A change of pace,” Mr. Black offered as the carriage turned north—or at least that’s the direction Cecy thought they were going as row houses dwindled, giving way to fields and farms. She wouldn’t ask him, blast the man. Let him be mysterious if he wished. But she pushed back her bonnet so she could see better. Ah, she’d almost forgotten how lovely the countryside could be—fresh air, fallow fields, sunshine peeking through clouds not filled with smoke. The pungent odor of manure. This was the England of her childhood. Alas, the journey ended all too soon.

They turned down a muddy lane to a large farm, driving past the disinterested gaze of a herd of cows and past what appeared to be a dairy, pulling up to a sprawling farmhouse. This time, instead of the drone of children reading out loud, they were met by the cry of squalling infants. Multiple infants. But none screaming in rage or pain. Just feed me, hold me, change my nappie, Cecy thought, unsure how she could be so certain. The smell of fresh-baked bread wafted down the corridor in front of them as they followed a heavily pregnant girl to a seat in the parlor. “I’ll get Mrs.
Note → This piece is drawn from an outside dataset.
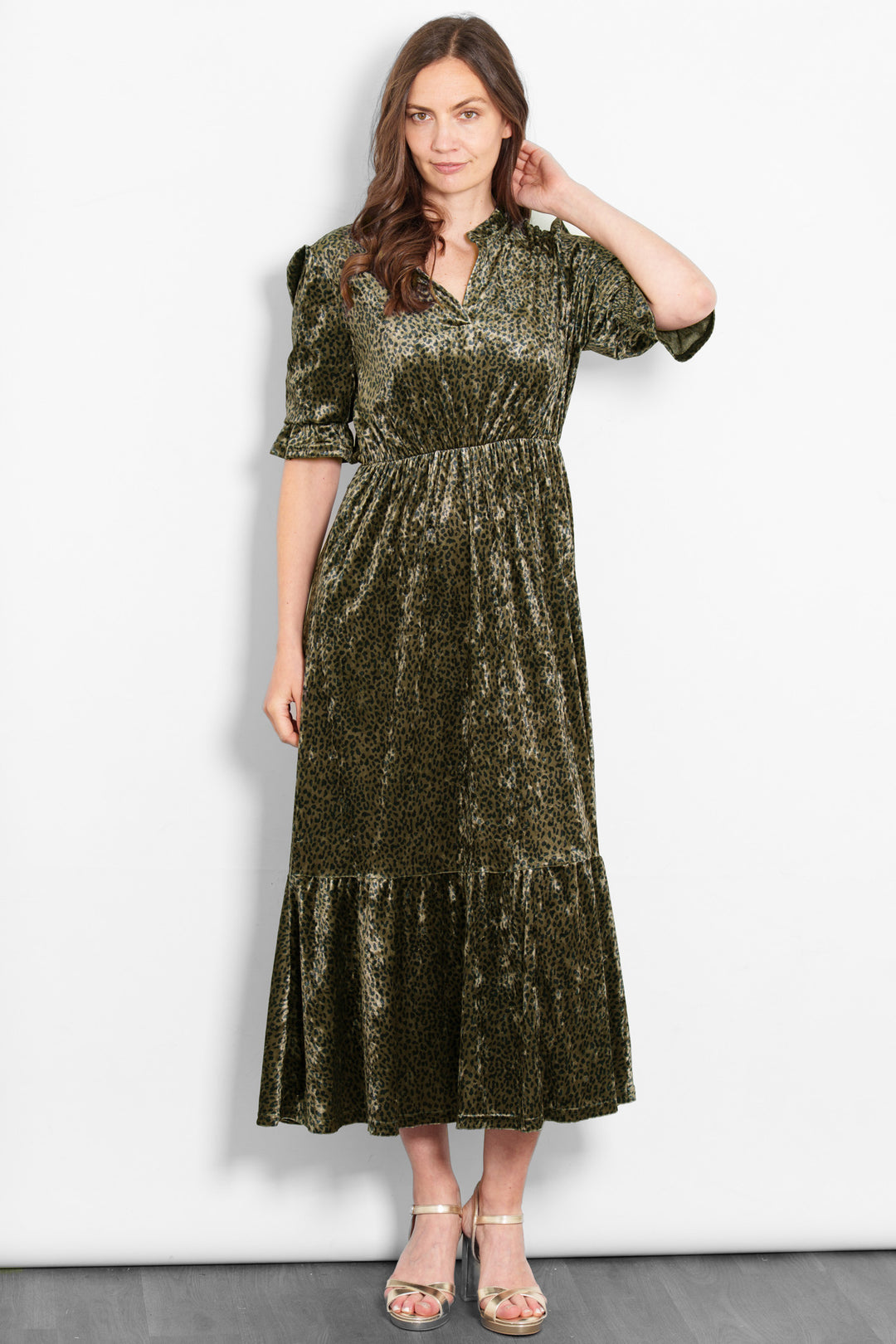 pandora-v-neck-midaxi-dress-khaki-velvet-leopard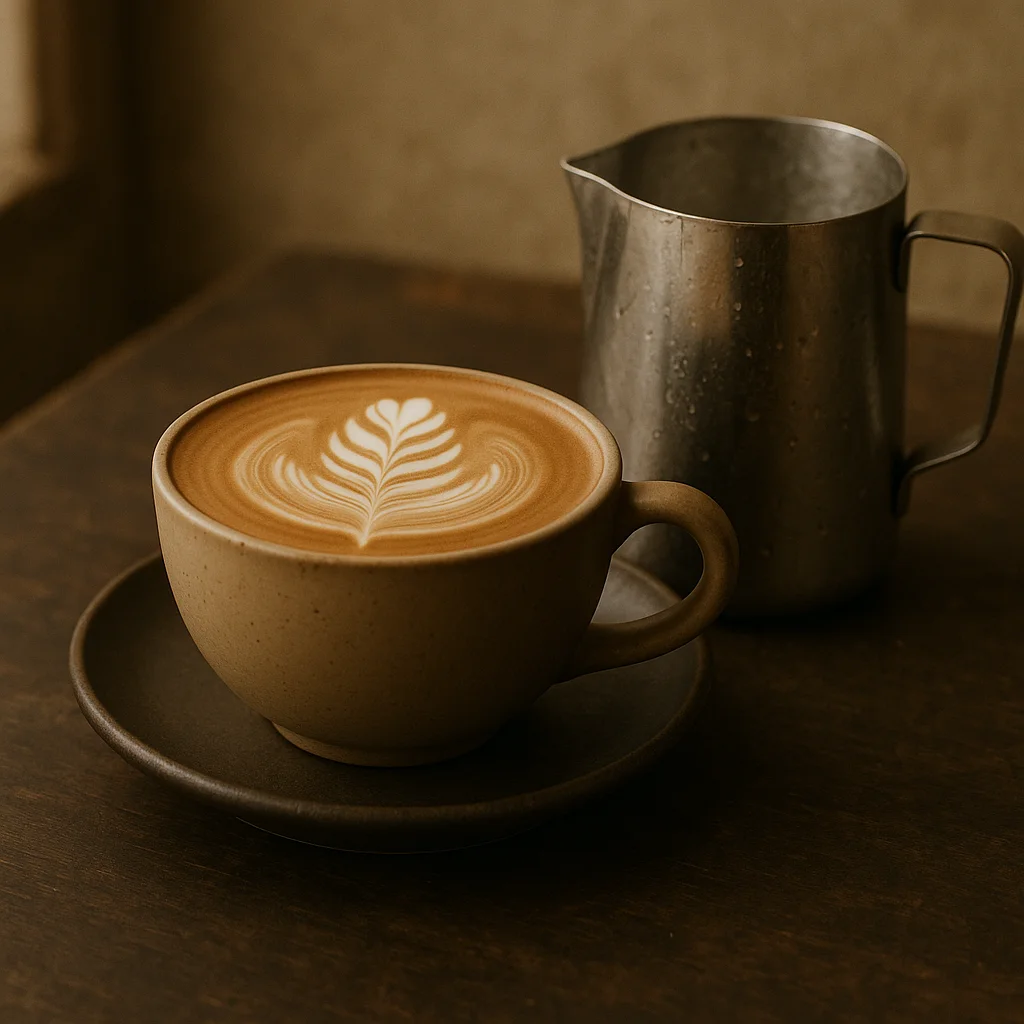 Cappuccino — Zutaten und Zubereitung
Jamison straight away,” she told them and lumbered off.

Cecy drew in a deep breath. “Fresh bread and stew,” she pronounced, sighing in approval. “Do we stay for dinner?”

We do not.”

Oh.”

As you have likely guessed,” her employer said, “this is a home for abandoned women—those with no husbands and a child on the way. Or those who don’t wish their husbands to come anywhere near their babe,” he added with a bleak emphasis that raised goosebumps on Cecy’s arms. “This too will be part of your job. An important part, as these are women who will trust another female far more readily than they’ll ever trust me.”

In characteristic style his voice had no inflection, but the message was pointed. Only a woman who had suffered . . . only a woman who knew what it was to be alone and powerless could understand the occupants of this house.

She’d once been a young lady, Cecy thought. A daughter of country gentry who had risen to courtesan of a peer. At least she had considered it a rise from her bleak childhood . . . until she’d been left for flotsam in the gutter. A woman whose only power now derived from friendship with the scandalous Lady Juliana Rivenhall and the largesse of a former guttersnipe, who, some said, held the reins of London’s Underworld in his hands.

Blood money, that’s what Nick Black spent on his charity projects. The Devil paying his dues. When he must know there was no way the heavens would ever open for such a monumental sinner.

More likely, he was casting good works in the ton’s teeth. Nicholas Black was a man who would enjoy the irony, enjoy thumbing his nose at Parliament, magistrates, judges. The church. At all those who should have a care for the helpless. And did not.

Mrs. Jamison, the matron, interrupted Cecy’s thoughts, sweeping her off on a tour of the farmhouse, leaving Mr. Black behind in the drawing room. Boone Farm was not an establishment where men were allowed anywhere but the parlor, the barn, and the stables.

They were walking down a corridor on the dormered third floor when Cecy gasped and retraced her steps, staring into a room where a young woman with unrelentingly straight dark hair sat, bent over the sheet she was mending. “Holly?” As the girl looked up, Cecy threw back her bonnet, revealing her face.

Cecy?” Holly Hammond leaped to her feet, the sheet pooling on the floor, revealing a figure that was clearly increasing.

How? I mean . . .” Cecy faltered, blushing hotly. “I beg your pardon,” she cried, “but I thought you were well set, gone with the banker’s son, not that young lord we all knew wouldn’t . . .” She ground to a halt, floundering. “Oh Holly, I know you were paying attention when we were taught . . . Hell’s hounds!” she exclaimed, dropping to her knees beside her friend. “Tell me how you got yourself into such a fix.”